(Brief):
Would you return exactly the lines below from the line with "Volkswagen Golf Sportsvan (2015)" through the line with "NetGear - AC1600", both included, and nothing else, leaving out the pictures?

(Records provided):
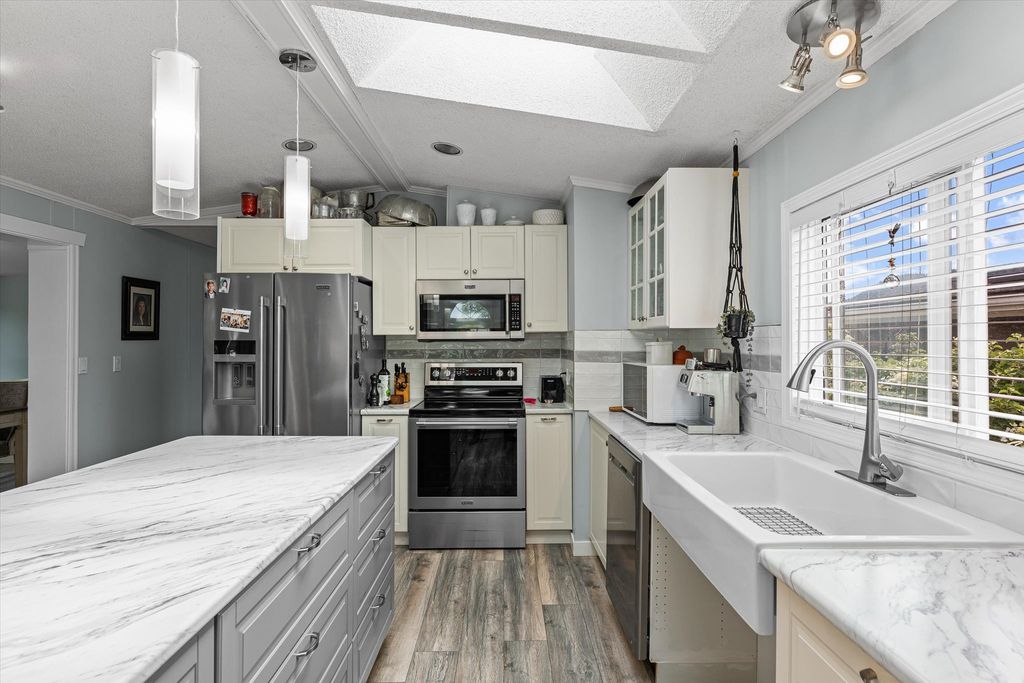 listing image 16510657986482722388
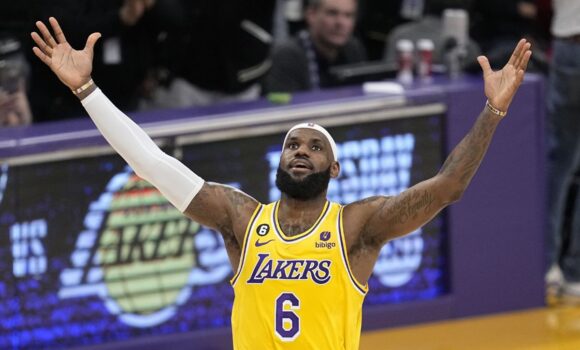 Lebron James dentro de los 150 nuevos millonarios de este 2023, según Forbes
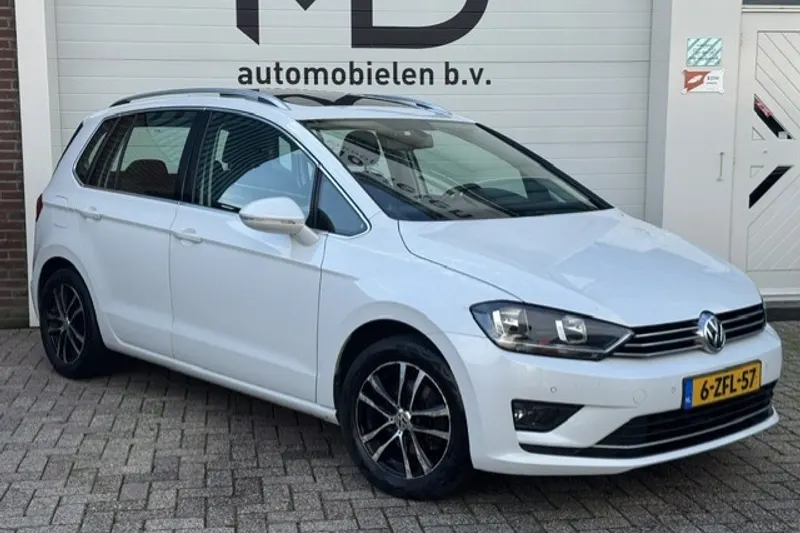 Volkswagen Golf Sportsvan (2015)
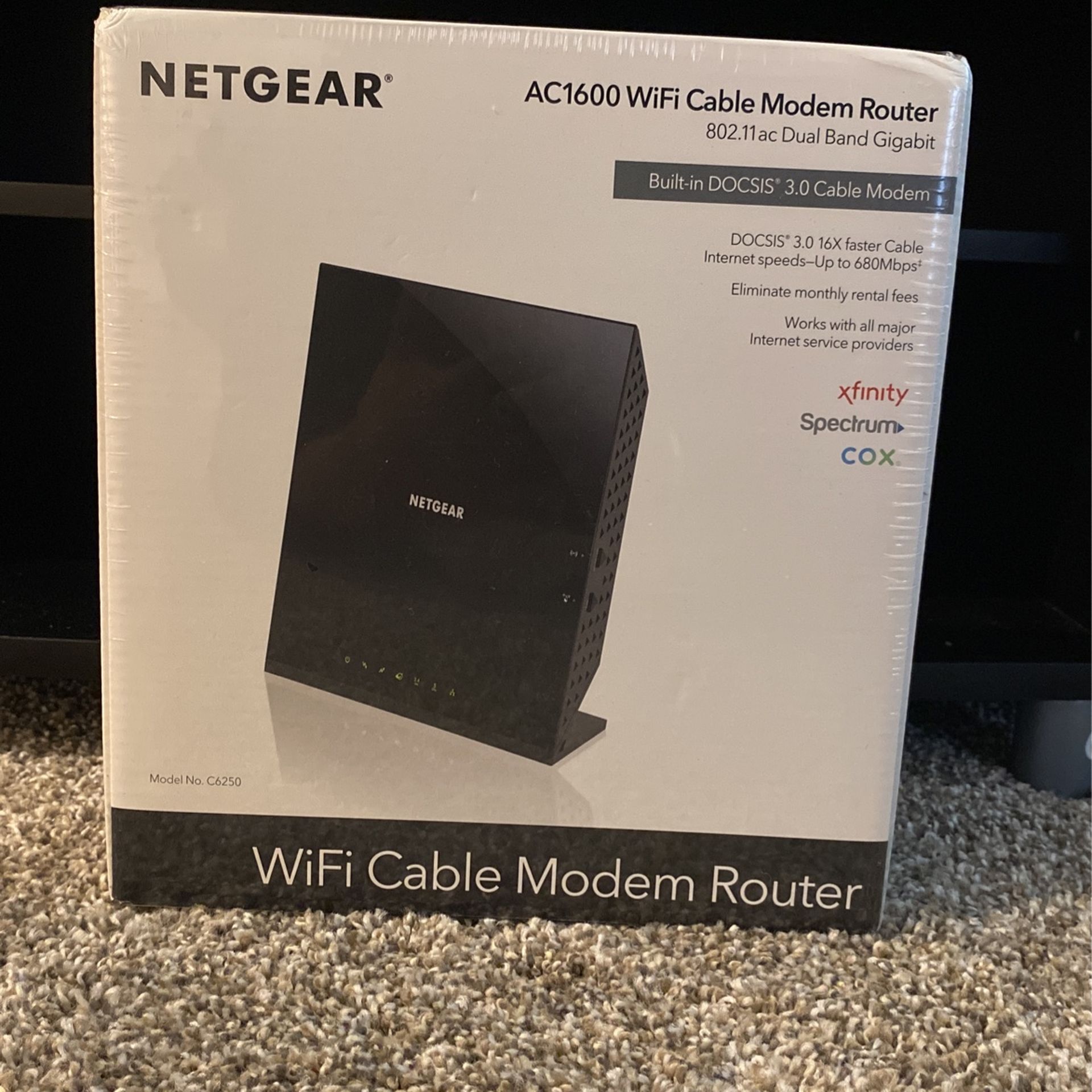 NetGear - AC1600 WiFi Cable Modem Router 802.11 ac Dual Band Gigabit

==

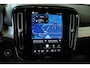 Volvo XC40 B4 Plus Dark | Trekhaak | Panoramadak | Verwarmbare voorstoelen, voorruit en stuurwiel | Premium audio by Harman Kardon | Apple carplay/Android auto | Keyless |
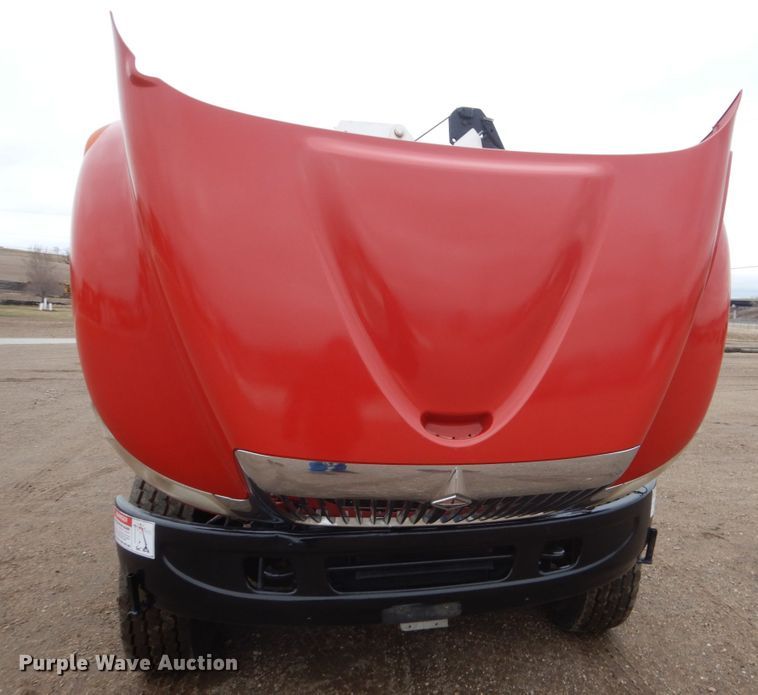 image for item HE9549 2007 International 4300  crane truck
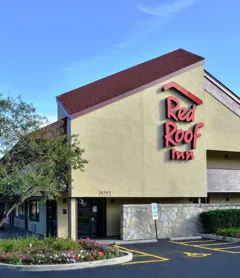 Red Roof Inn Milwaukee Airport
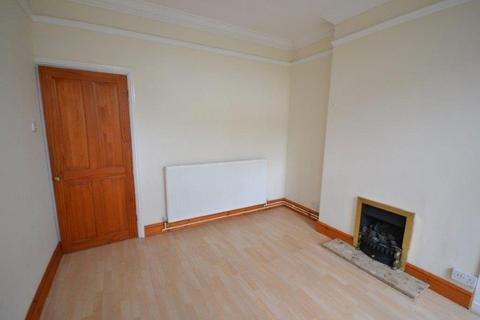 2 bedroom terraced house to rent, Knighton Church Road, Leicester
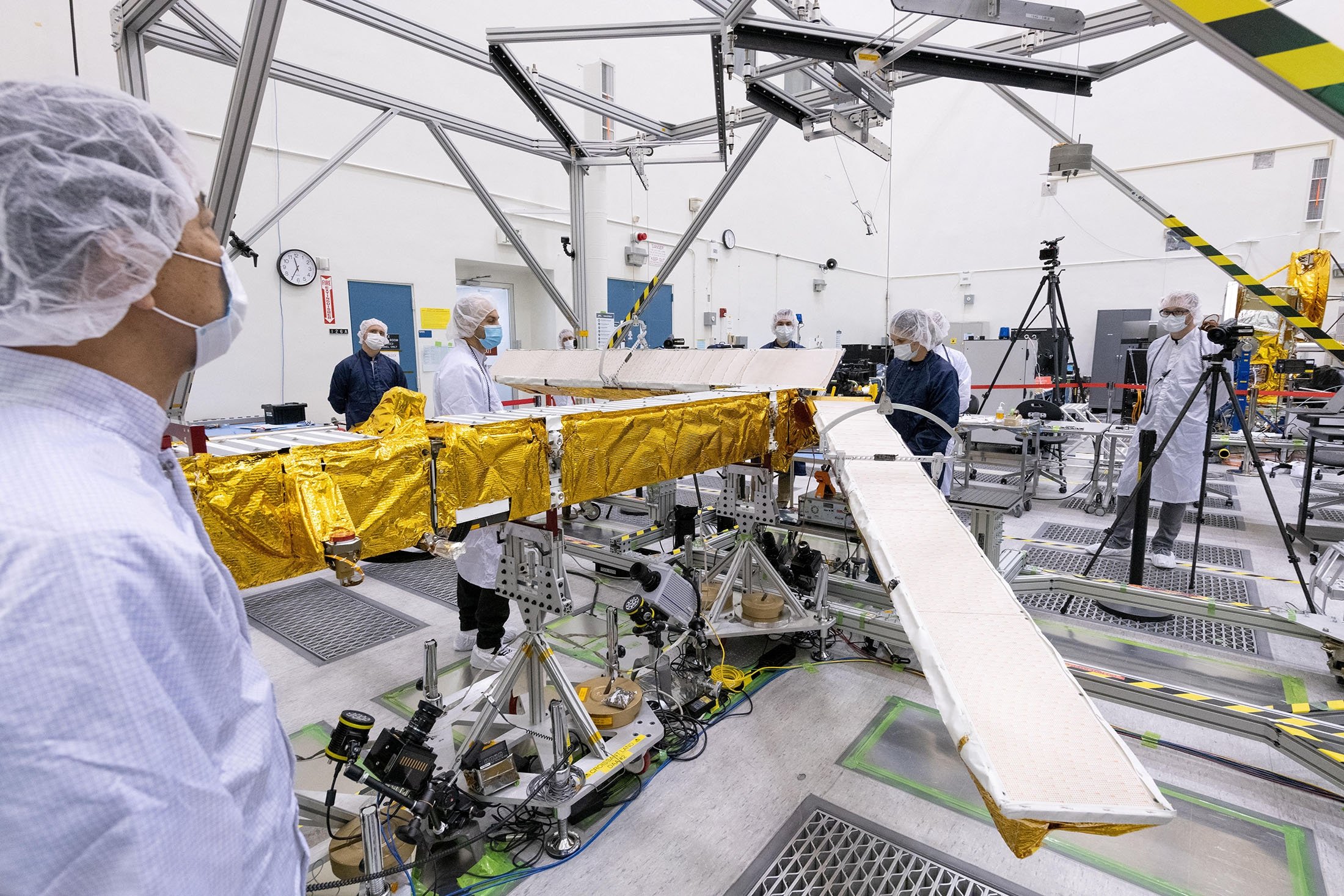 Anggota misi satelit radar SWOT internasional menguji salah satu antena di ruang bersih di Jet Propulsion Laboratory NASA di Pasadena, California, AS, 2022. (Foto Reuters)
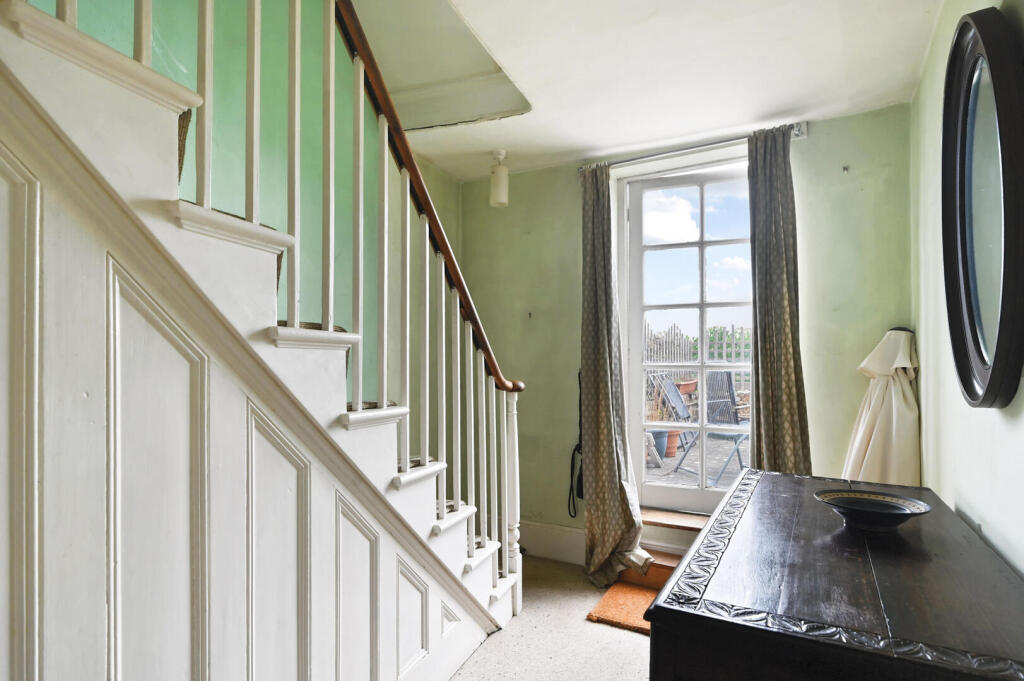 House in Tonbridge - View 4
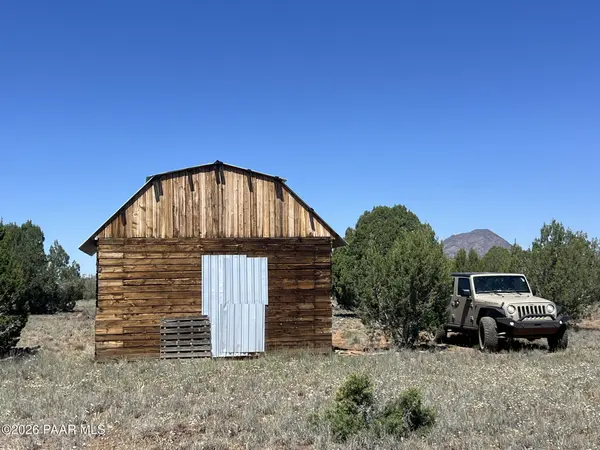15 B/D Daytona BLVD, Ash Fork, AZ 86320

(Answer space):
 Volkswagen Golf Sportsvan (2015)
 NetGear - AC1600 WiFi Cable Modem Router 802.11 ac Dual Band Gigabit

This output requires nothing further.